[[ Supplied data, beginning ]]
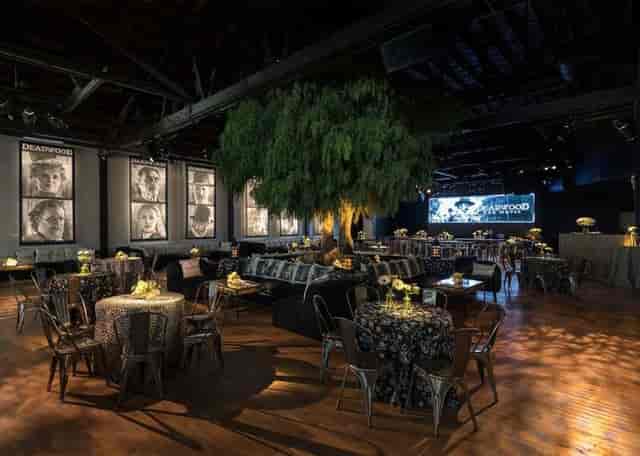 Elegant event space with floral centerpieces, ideal for networking and celebrations.
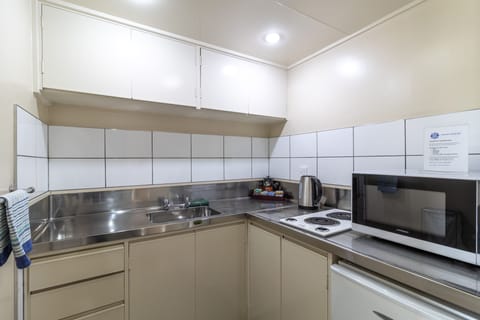 Family Apartment, 2 Bedrooms | Private kitchen | Fridge, microwave, electric kettle, toaster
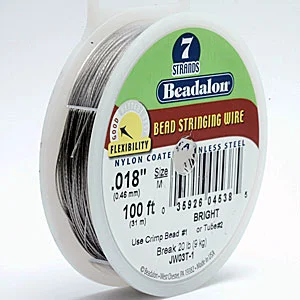 Spool of Beadalon brand cable wire for bead stringing. CW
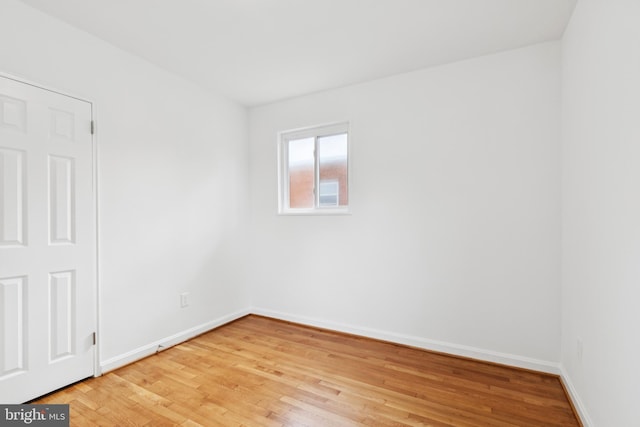 5817 Jamestown Rd, Hyattsville, MD 20782 - empty room featuring light wood finished floors and baseboards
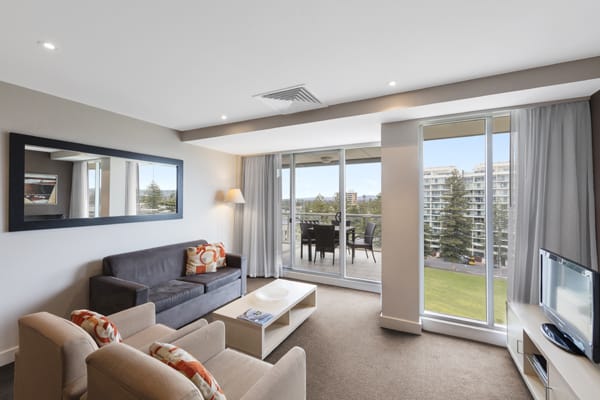 spacious living room with comfortable couches, free Wi-Fi access and private balcony outside 2 Bedroom Apartment at Oaks Plaza Pier hotel in Glenelg, South Australia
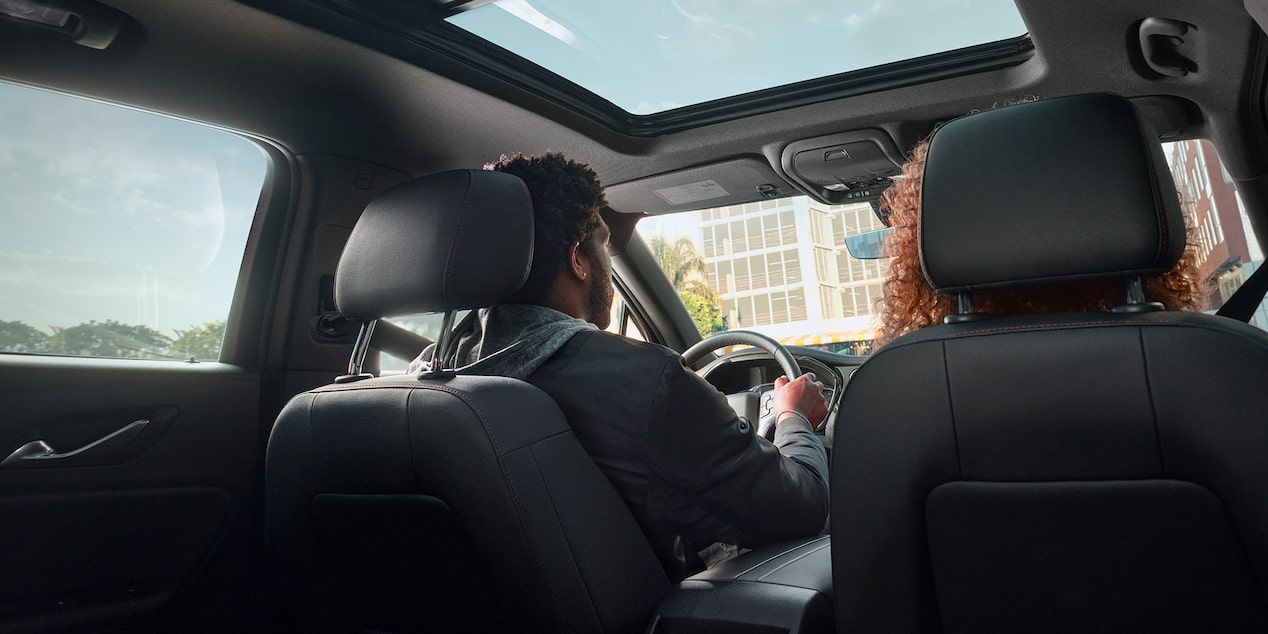 View of Moonroof and People Sitting in the Front Seats in a Chevrolet Blazer SUV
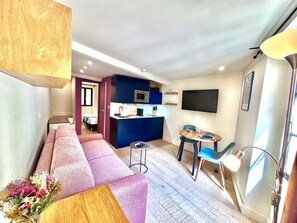 A compact living space with a sofa, a small kitchen area, a dining table, and a TV mounted on the wall. - Cocon Bonaparte 2 - Garibaldi (Nice)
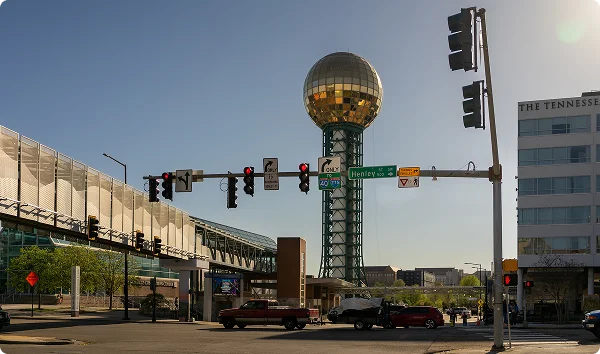 Knoxville, Tennessee - 4-1-23:Traffic intersection near Sunsphere and world's fair park. Henley street Knoxville. Tennessean Hotel in the background.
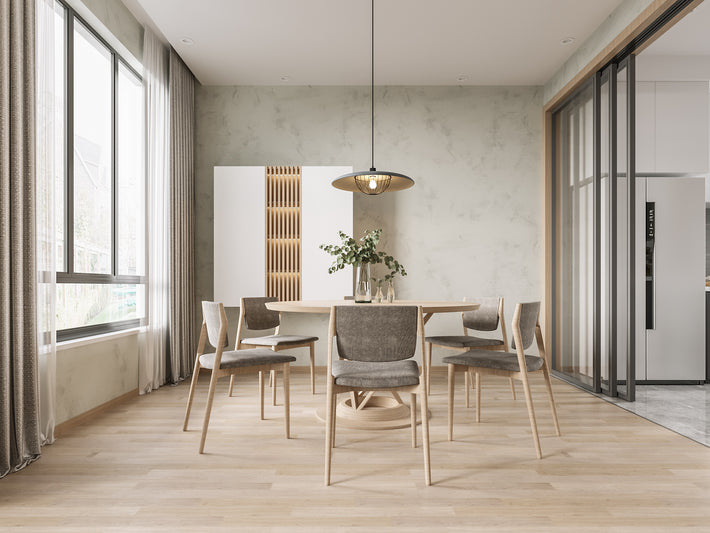 Modern dining room with wooden table and chairs near a large window.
[[ Supplied data, end ]]
Output exactly the stretch of the listing that begins at the line containing "5817 Jamestown Rd, Hyattsville, MD" and ends at the line containing "A compact living", both kept. Omit pictures and everything else.

Solution for this problem —
 5817 Jamestown Rd, Hyattsville, MD 20782 - empty room featuring light wood finished floors and baseboards
 spacious living room with comfortable couches, free Wi-Fi access and private balcony outside 2 Bedroom Apartment at Oaks Plaza Pier hotel in Glenelg, South Australia
 View of Moonroof and People Sitting in the Front Seats in a Chevrolet Blazer SUV
 A compact living space with a sofa, a small kitchen area, a dining table, and a TV mounted on the wall. - Cocon Bonaparte 2 - Garibaldi (Nice)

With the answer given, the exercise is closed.